MARTIN: What can you tell us about this impeachment process? What's it going to look like?

QUIST-ARCTON: Everyday a new story - let me just first tell you, Rachel, that President Mugabe - can you believe the man who is under house arrest has actually called a cabinet meeting today? He called his ministers or those who are remaining to come for a cabinet meeting. None of them has because the governing ZANU-PF party which ousted Mugabe as leader last week has begun impeachment proceedings against him because he has refused to resign.

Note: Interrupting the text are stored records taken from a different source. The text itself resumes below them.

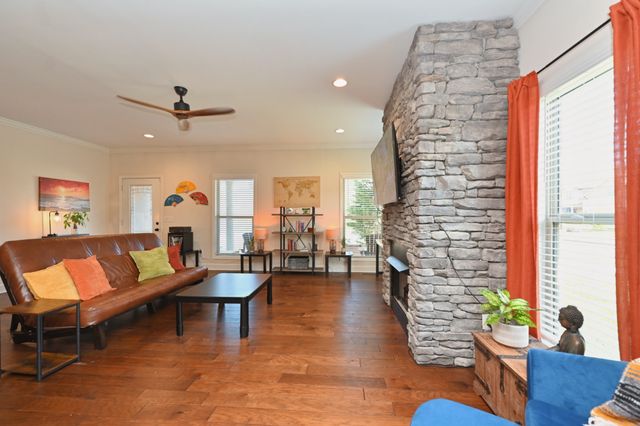 701 River Landing Way, Old Hickory, TN 37138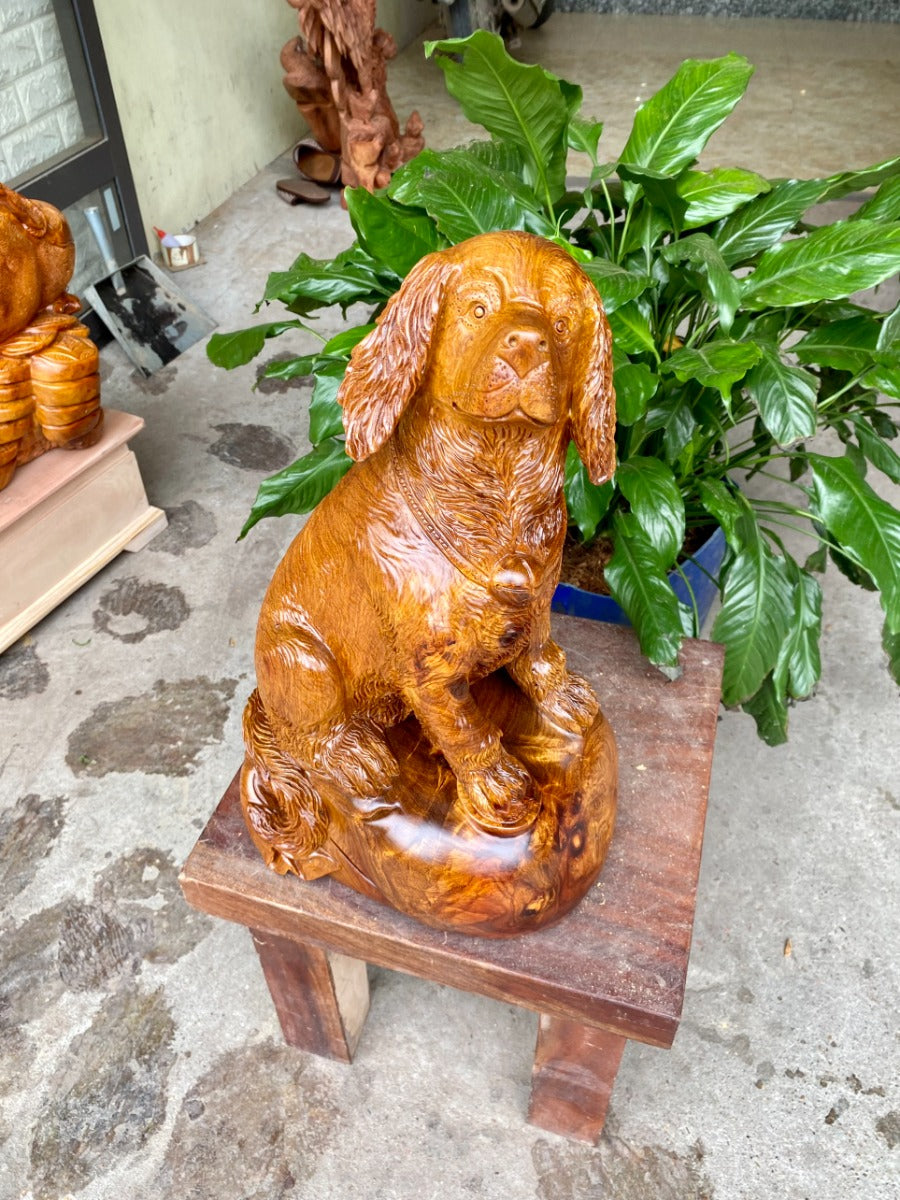 Tượng Linh Vật Con Chó Ngôi Canh Bao Tiền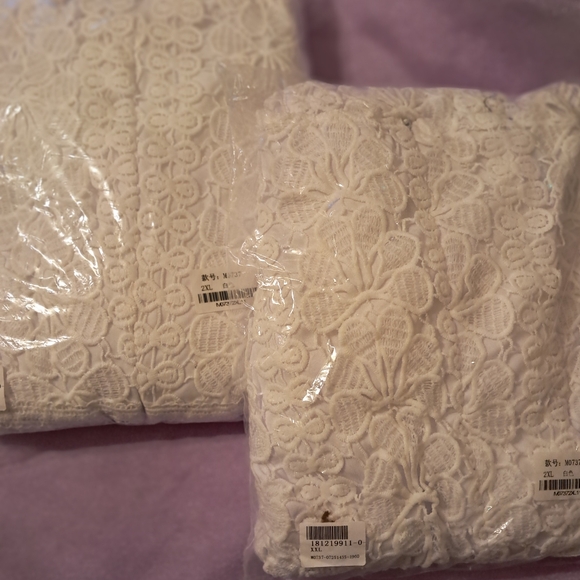 Women's White Fashion Dress - Picture 4 of 4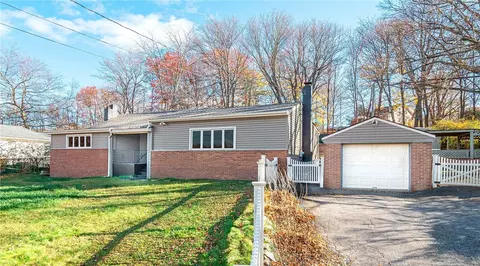 37 Hathorn Blvd, Greenville, NY 12771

So they've been meeting, we're told, now to find out how they're going to go about this because it's a difficult process. It won't be over in two minutes. They've got to have two-thirds of the MPs who agree to President Mugabe being impeached and fired.

MARTIN: So is that likely?

QUIST-ARCTON: Last week, it was euphoria, Zimbabweans celebrating change, saying the military has at last pushed Mugabe out. This week, it's cool heads and a bit of, you know, stone-cold what goes next? President Mugabe is not a fool. I mean, he is the ultimate political survivor. So if he is refusing to step down, he is going to try and find some provisions within the constitution to say that everything that has gone on, the military takeover the army refuses to call a coup is not constitutional and that what even his party, ZANU-PF, is trying to do - push him out - is not constitutional.

So we've got to the point where there is a big question mark. How is Zimbabwe going to proceed? And of course who is going to be the leader? Is it going to be the military pushing Emmerson Mnangagwa, the vice president who was fired two weeks ago...

MARTIN: Yeah.

QUIST-ARCTON: ...And who is still in exile here in South Africa and may be going back to Zimbabwe?

MARTIN: I mean, if the fired vice president were to take over, I mean, what would that mean for Zimbabwe? People want change, but is this just replacing one autocrat for another?

QUIST-ARCTON: He and Mugabe - birds of a feather, war veterans, both said to be repressive. Emmerson Mnangagwa, though, is said to have business acumen and would bring in much needed investment to this economic disaster that is Zimbabwe.

MARTIN: We'll have to wait and see. NPR's Ofeibea Quist-Arcton - thanks so much, Ofeibea.

QUIST-ARCTON: Always a pleasure. Thank you.